A mother is expected to describe Tuesday the unimaginable horror of coming home to find her three children dead.

Darcie Clark will testify at the first-degree murder trial of Allan Schoenborn, the children's father.

He is accused of killing five-year-old Cordon Schoenborn, his eight-year-old brother Max and their 10-year-old sister Kaitlynne in April 2008 in the Merritt, B.C., trailer home.

The B.C. Supreme Court trial, by judge alone, has already heard many heart-wrenching details, including video evidence taken of the crime scene.

Not far from the front entrance of the home, the boys were found lying on the living room couch as if asleep, the TV was on and Max's arm was wrapped protectively over his little brother's chest.

On the wall nearby a message in large block letters read "Forever young" was written in soya sauce.

The court heard that both boys were either smothered or suffocated.

Down the blood-spattered hallway in Kaitlynne's room, Clarke's daughter was wrapped in a blanket hiding the stab wounds that killed the Grade 4 student.

In the master bedroom were more messages, this time written in blood on a pillow case reading "gone to Neverland" and "forever young"

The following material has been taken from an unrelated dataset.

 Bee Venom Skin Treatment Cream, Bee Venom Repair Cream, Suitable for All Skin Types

The first RCMP officer on the scene testified Clarke was hysterical, crying "my babies, my babies" over and over in the hours and days after she found the children dead.

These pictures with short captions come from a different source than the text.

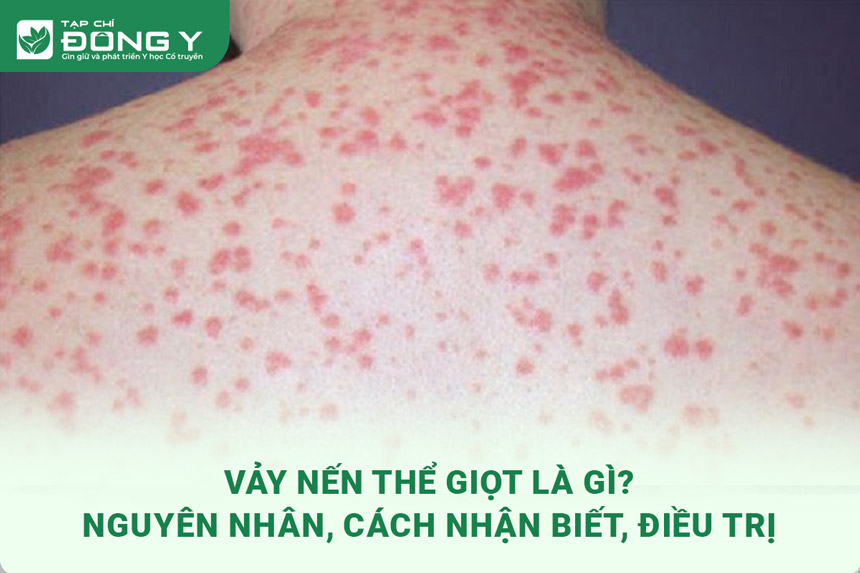 vay nen the giot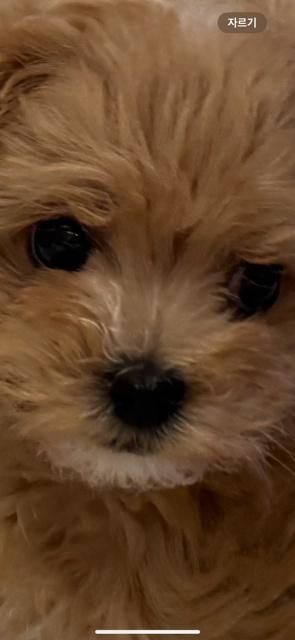 정확한 사시증상이랑 사시일까요?? 치료 받아야 할까요?의 1번 째 이미지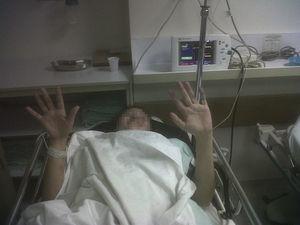 Picture of the patient showing the hands after the administration of the first test dose. Source: authors.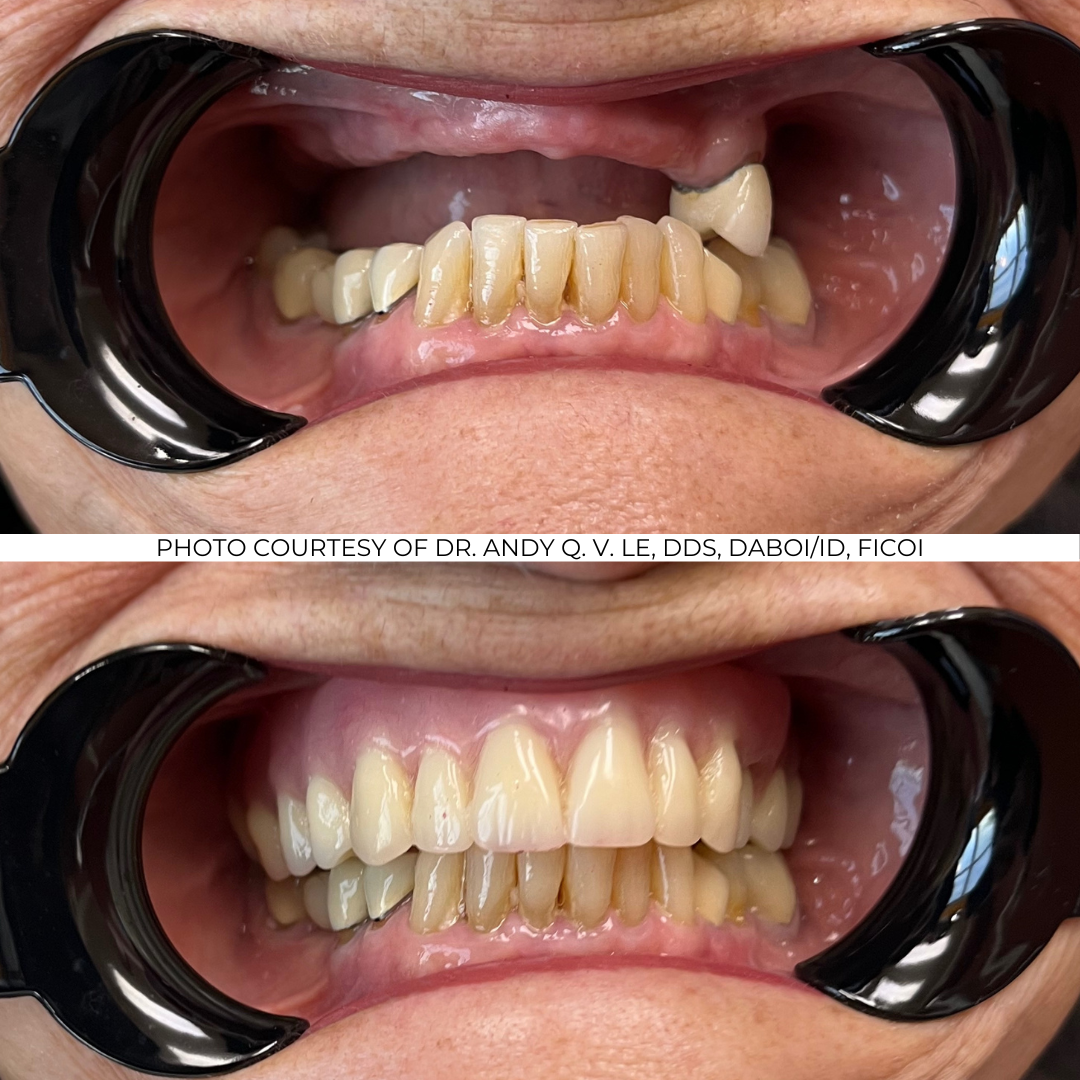 Before and After Implant Pictures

The court also heard most of the blood found in the home was from Schoenborn and there were indications he may have attempted to kill himself before fleeing.

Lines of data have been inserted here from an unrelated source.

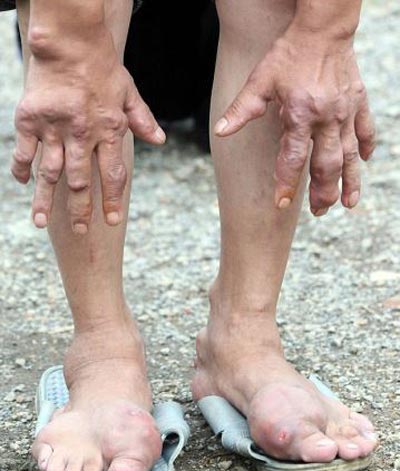 بیماری عجیب در میان افراد روستایی در چین (عکس)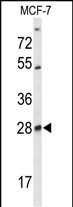 SELT Antibody in Western Blot (WB)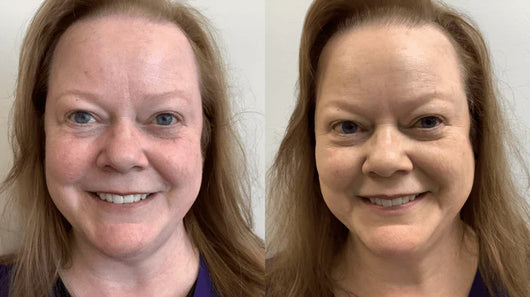 Rosyra Sérum Anti-Rougeurs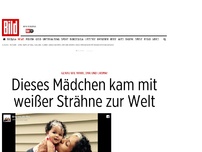 Bild zum Artikel: Genau wie seine Mama - Baby kommt mit weißer Haarsträhne zur Welt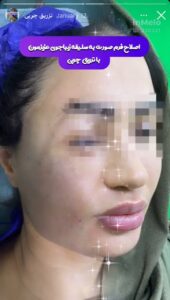 نمونه کار کلینیک بهاران در مشهد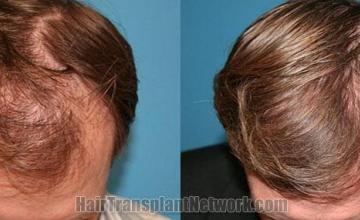 Before and after hair restoration pictures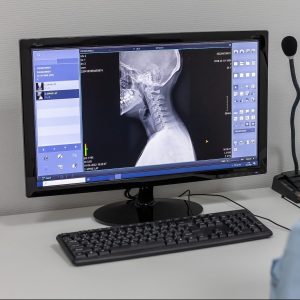 Maîtrisez Les Douleurs Irradiantes Du Cou En Comprenant Leur Origine Clinique Tagmed Montréal Terrebonne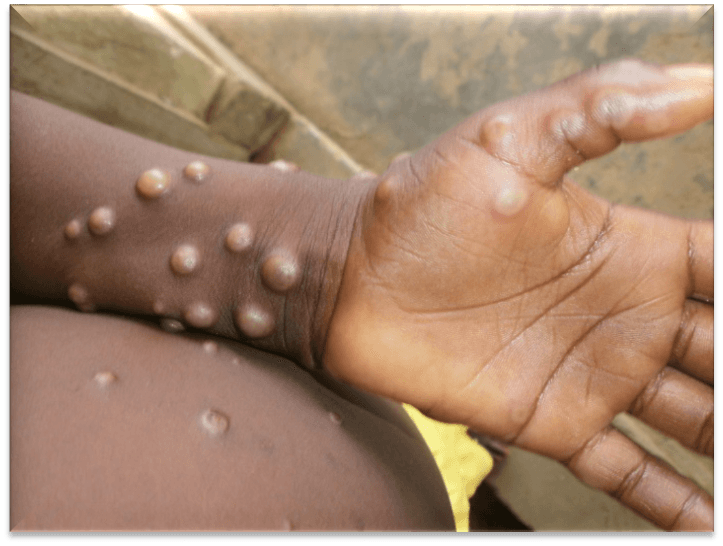 MPox cases rise to 33 – MoH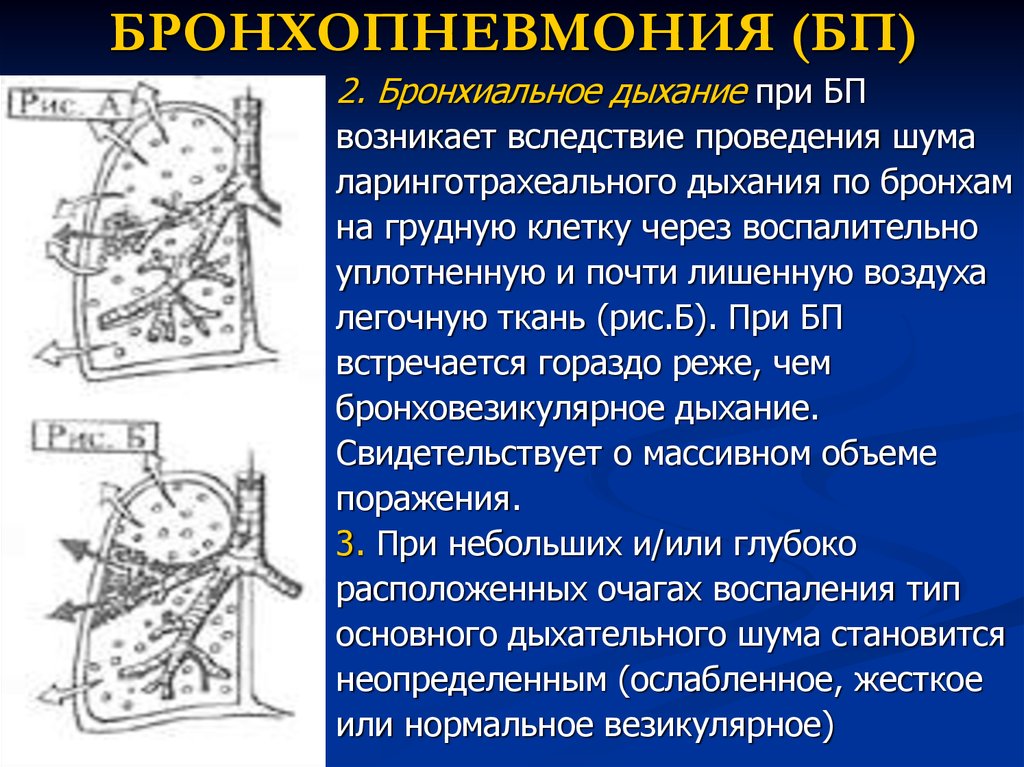 Бронхопневмония у детей. Бронхопневмония презентация. Бронхиальное дыхание пропедевтика. Пневмония бронхиальное дыхание. Бронхо-везикулярное дыхание.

Down the street, neighbour Dan Robins can see the home where the children were killed from his dining room window.

He watched Schoenborn and the three children fly a kite in a nearby field the day before they died and watched police help Clarke out of the home in the minutes after she made the 911 call.

"I feel a little guilty myself," Robins said, explaining that he didn't like the look of Schoenborn when he first appeared in the neighbourhood.

"I said there's something wrong with this dude," Robins said, adding "He gave me the heebie jeebies."

"I should have phoned the police and said 'hey there's a really strange looking guy here."'

But the police already knew Schoenborn was in the neighbourhood. In fact he had trouble with the law in Merritt in the week leading up to the children's deaths.

He was arrested three times, including for allegedly uttering threats at the children's elementary school.

There was also a restraining order against Schoenborn after an incident involving Clarke in 2007.

There was no indication that the justice of the peace who released Schoenborn from custody was told of the court order.

Neighbours said Schoenborn had been at the trailer for about a week before the deaths.

A Canada-wide search was launched for him after the bodies were found.

Ten days later, Pat McCoy was walking his dog and spotted a dehydrated and haggard Schoenborn curled under a jacket in the woods just a few hours walk from the murder scene.

The trial is expected to last another three weeks.